Z moich ustaleń wynika, że wiedza autora/autorki anonimu na temat, który poruszył/poruszyła w piśmie jest mocno niepełna. Prawdą jest bowiem, że wrześniowa podwyżka ominęła - z kilkoma wyjątkami - „osoby zarabiające najmniej oraz zajmujące stanowiska niższych szczebli”, natomiast prywatne stosunki z panią dyrektor nie miały na to żadnego wpływu, bo dostali ją również ci, których relacje z szefową są - delikatnie rzecz ujmując - co najmniej chłodne. Poza tym zmiana wynagrodzenia z wyrównaniem za wrzesień objęła wszystkich, którym podwyższono uposażenie, a nie tylko wyróżnione osoby.

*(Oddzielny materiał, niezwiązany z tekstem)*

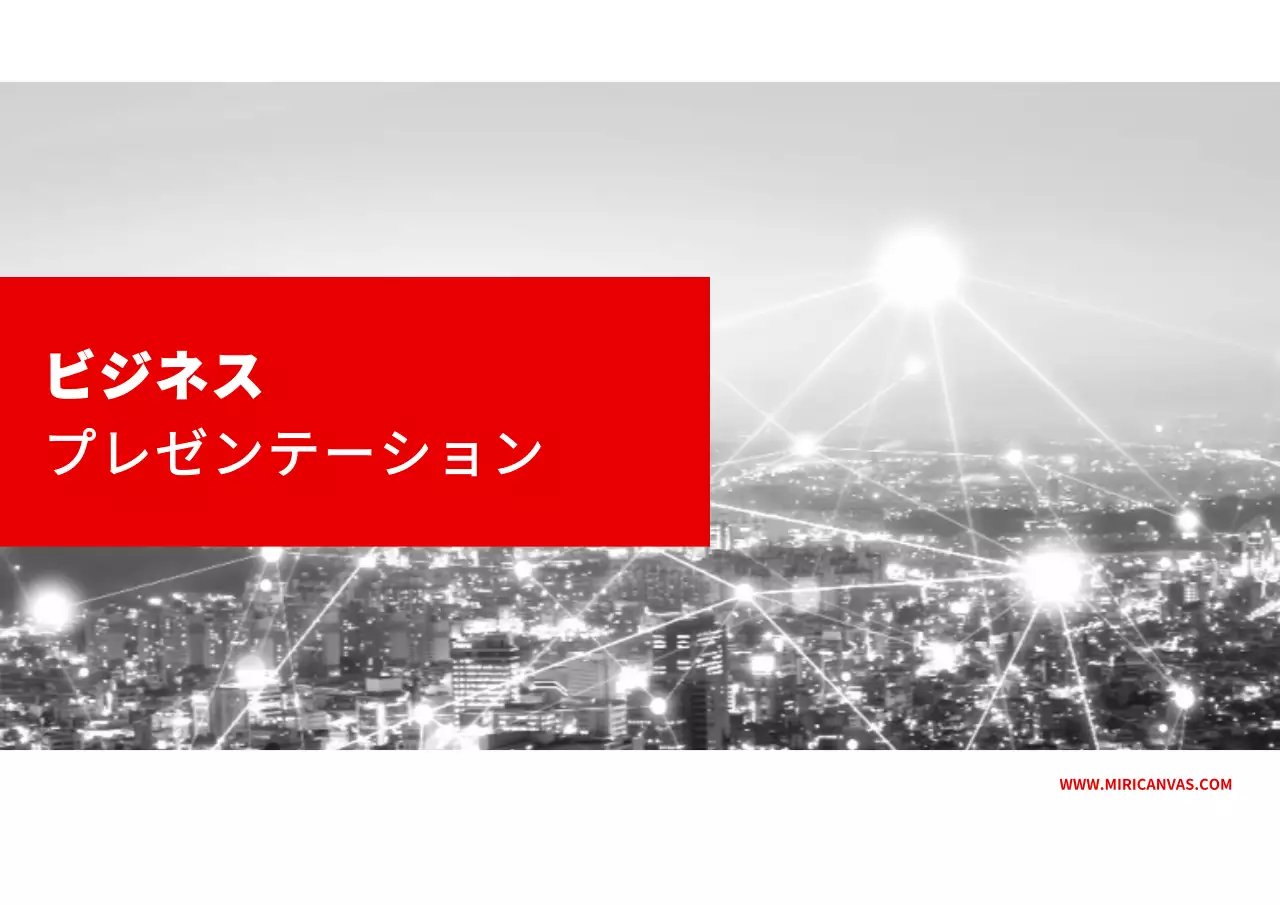 赤 モダン ビジネス プレゼンテーション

Na temat tego, że nie wszyscy pracownicy MOSiR dostali wyższe wynagrodzenia, Rafał Duchniewski napisał, że pozostali otrzymają je od stycznia. I pochwalił się, że

„na przestrzeni lat 2018-2022 minimalne wynagrodzenie wzrosło o 910 zł, o kolejne 590 zł (łącznie) wzrośnie w roku 2023. Co daje wzrost wynagrodzenia o 1500 zł”.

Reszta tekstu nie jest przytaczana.